━━━ Data for review

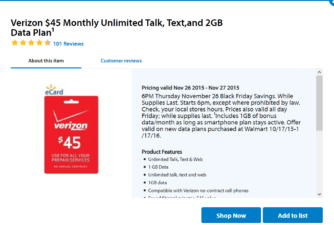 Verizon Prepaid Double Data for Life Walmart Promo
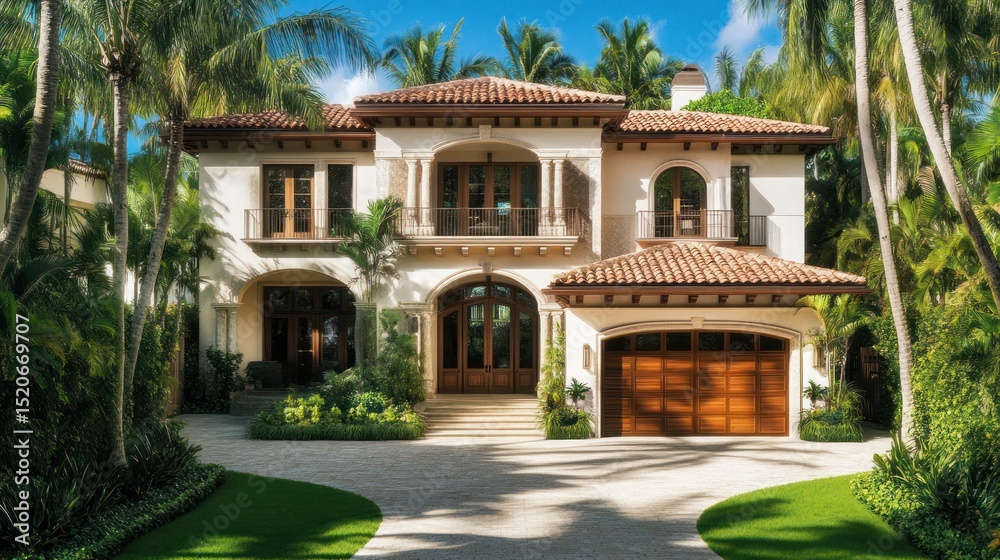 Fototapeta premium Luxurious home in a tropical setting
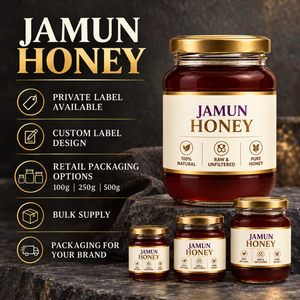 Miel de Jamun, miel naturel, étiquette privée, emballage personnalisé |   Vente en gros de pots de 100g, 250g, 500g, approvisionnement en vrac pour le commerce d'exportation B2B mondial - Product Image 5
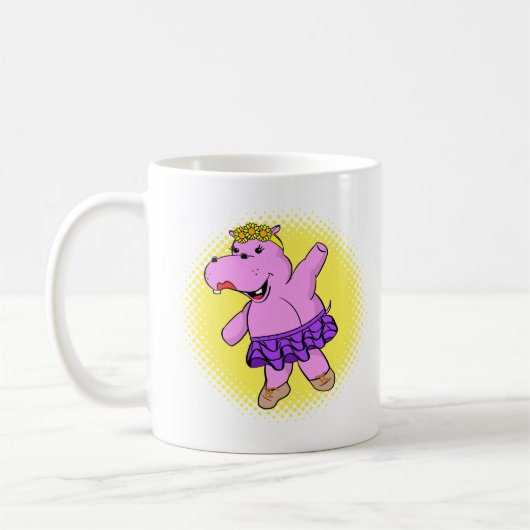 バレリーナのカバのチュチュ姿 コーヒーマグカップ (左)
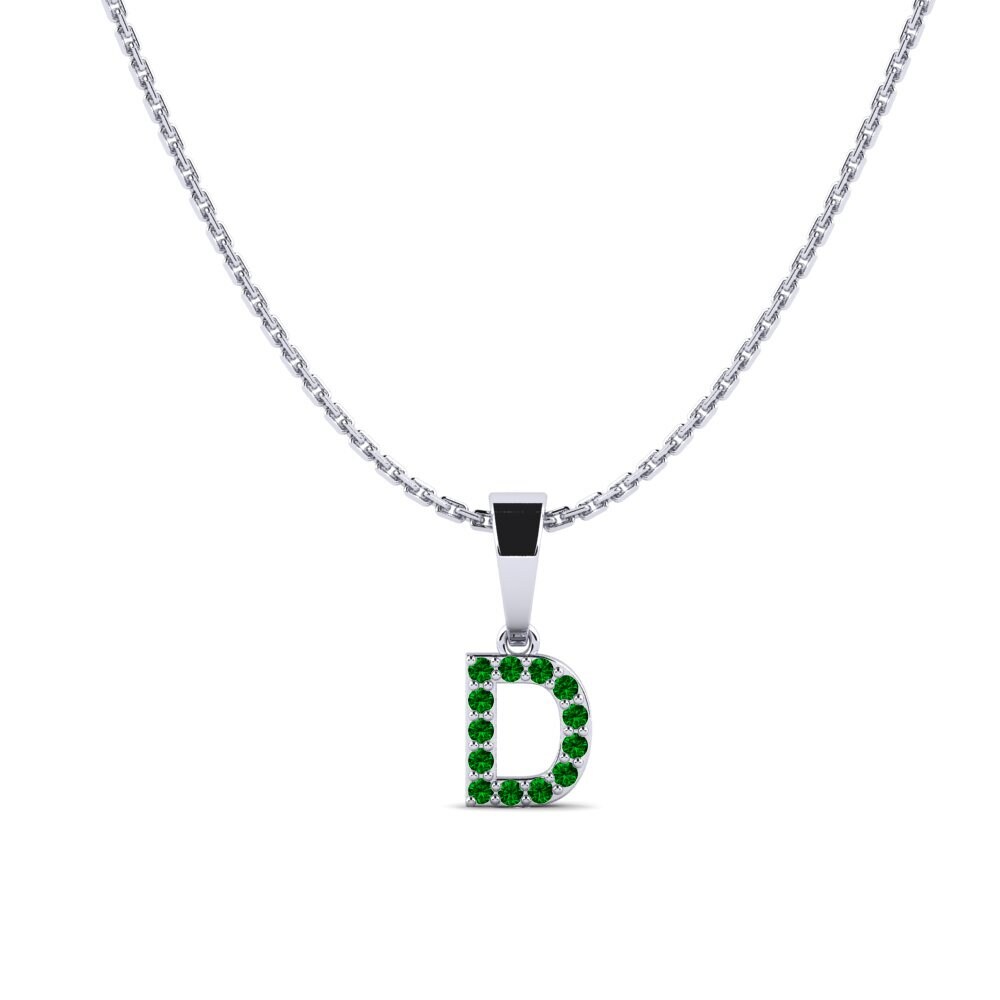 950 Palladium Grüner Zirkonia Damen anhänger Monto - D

━━━━━━

What is expected. Exact copy, no pictures: please print the data above once more.

Expected output.
 Verizon Prepaid Double Data for Life Walmart Promo
 Fototapeta premium Luxurious home in a tropical setting
 Miel de Jamun, miel naturel, étiquette privée, emballage personnalisé |   Vente en gros de pots de 100g, 250g, 500g, approvisionnement en vrac pour le commerce d'exportation B2B mondial - Product Image 5
 バレリーナのカバのチュチュ姿 コーヒーマグカップ (左)
 950 Palladium Grüner Zirkonia Damen anhänger Monto - D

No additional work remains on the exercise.